** Opening RAW DATA block **

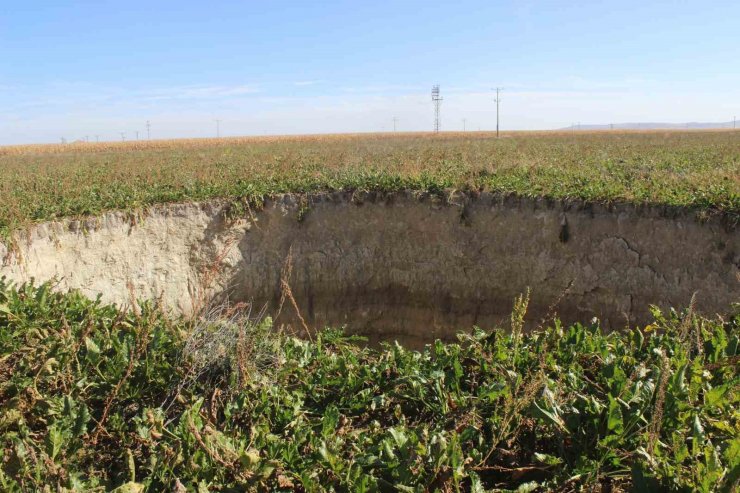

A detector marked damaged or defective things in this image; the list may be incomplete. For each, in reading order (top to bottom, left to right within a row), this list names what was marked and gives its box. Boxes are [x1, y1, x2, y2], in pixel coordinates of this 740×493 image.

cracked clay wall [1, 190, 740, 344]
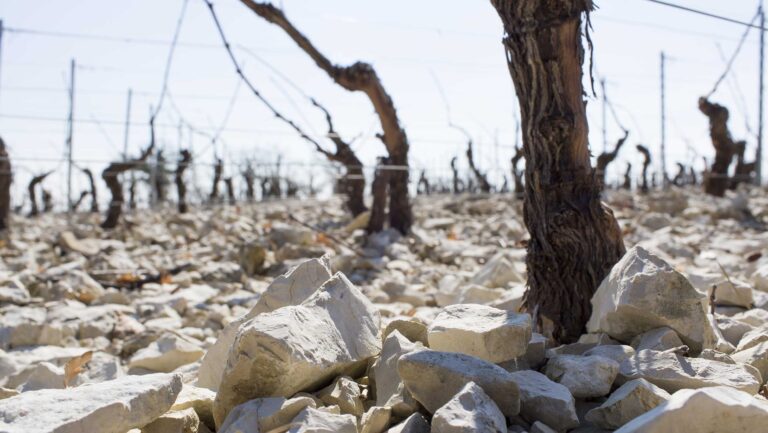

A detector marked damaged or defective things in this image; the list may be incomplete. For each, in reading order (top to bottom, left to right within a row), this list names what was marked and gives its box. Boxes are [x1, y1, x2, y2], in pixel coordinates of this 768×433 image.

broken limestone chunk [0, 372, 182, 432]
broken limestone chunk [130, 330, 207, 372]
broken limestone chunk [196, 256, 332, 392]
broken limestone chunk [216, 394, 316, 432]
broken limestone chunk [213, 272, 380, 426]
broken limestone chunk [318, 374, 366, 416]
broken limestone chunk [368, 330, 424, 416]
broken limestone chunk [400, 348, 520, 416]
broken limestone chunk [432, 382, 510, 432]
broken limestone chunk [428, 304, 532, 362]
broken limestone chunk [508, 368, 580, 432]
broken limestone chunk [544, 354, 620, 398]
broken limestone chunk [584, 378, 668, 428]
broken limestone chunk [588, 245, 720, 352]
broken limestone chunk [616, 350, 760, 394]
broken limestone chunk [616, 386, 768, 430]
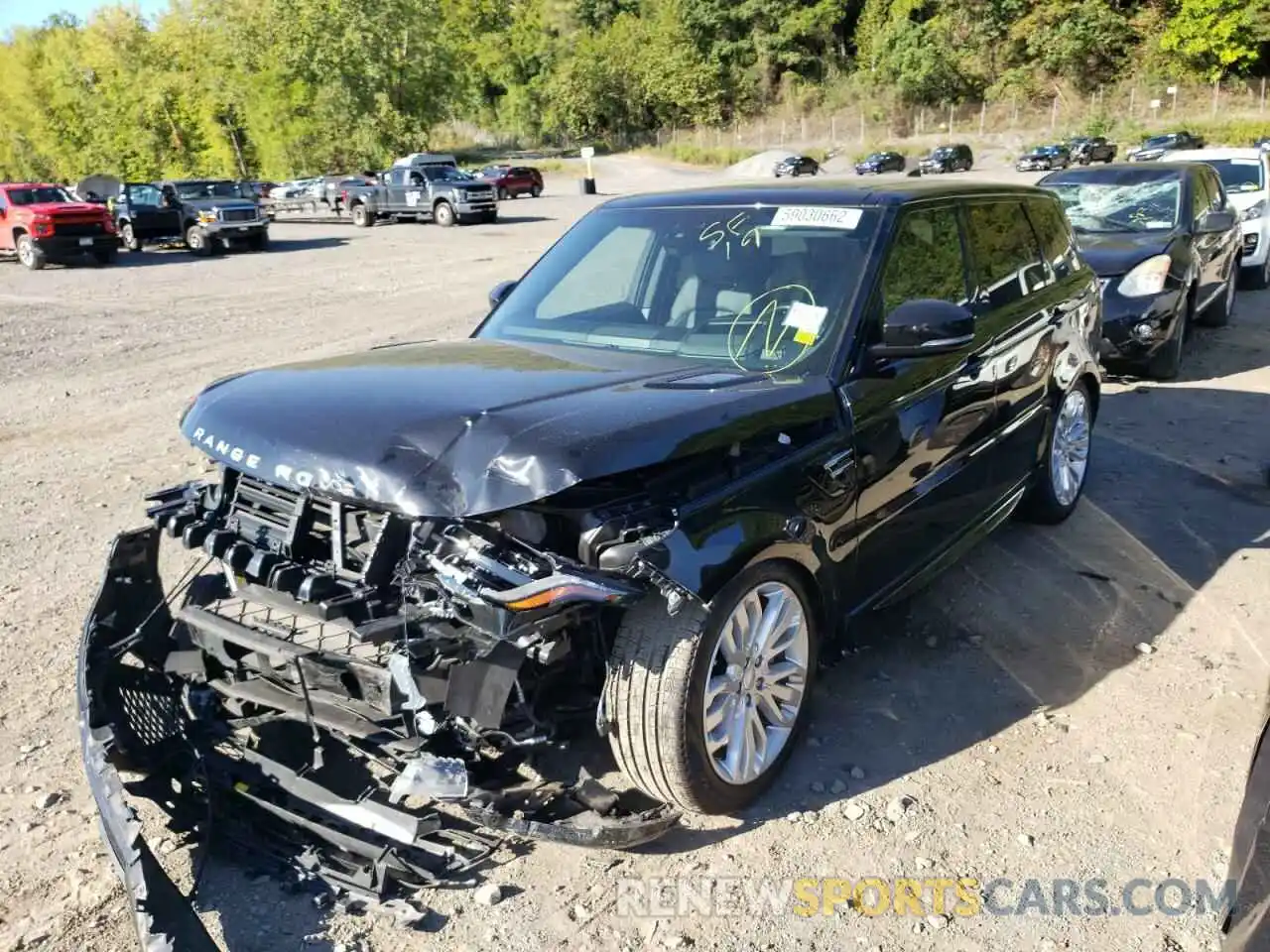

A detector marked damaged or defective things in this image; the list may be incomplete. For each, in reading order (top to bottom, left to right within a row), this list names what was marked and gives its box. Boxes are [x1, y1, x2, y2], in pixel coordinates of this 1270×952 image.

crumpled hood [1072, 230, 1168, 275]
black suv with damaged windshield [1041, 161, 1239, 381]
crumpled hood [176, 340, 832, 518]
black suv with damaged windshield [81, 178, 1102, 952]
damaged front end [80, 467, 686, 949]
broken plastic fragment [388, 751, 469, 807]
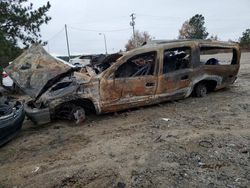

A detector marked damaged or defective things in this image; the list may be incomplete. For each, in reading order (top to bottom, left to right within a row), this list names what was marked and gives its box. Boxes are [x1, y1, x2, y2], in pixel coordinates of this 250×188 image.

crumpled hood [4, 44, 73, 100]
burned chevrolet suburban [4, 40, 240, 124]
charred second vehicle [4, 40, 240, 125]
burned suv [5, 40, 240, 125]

** Closing RAW DATA block **

Everything from the line with "this 250×188 image." through the last line of the data above, please return word for word, and no other line.

## [YOUR RESPONSE]
A detector marked damaged or defective things in this image; the list may be incomplete. For each, in reading order (top to bottom, left to right within a row), this list names what was marked and gives its box. Boxes are [x1, y1, x2, y2], in pixel coordinates of this 250×188 image.

crumpled hood [4, 44, 73, 100]
burned chevrolet suburban [4, 40, 240, 124]
charred second vehicle [4, 40, 240, 125]
burned suv [5, 40, 240, 125]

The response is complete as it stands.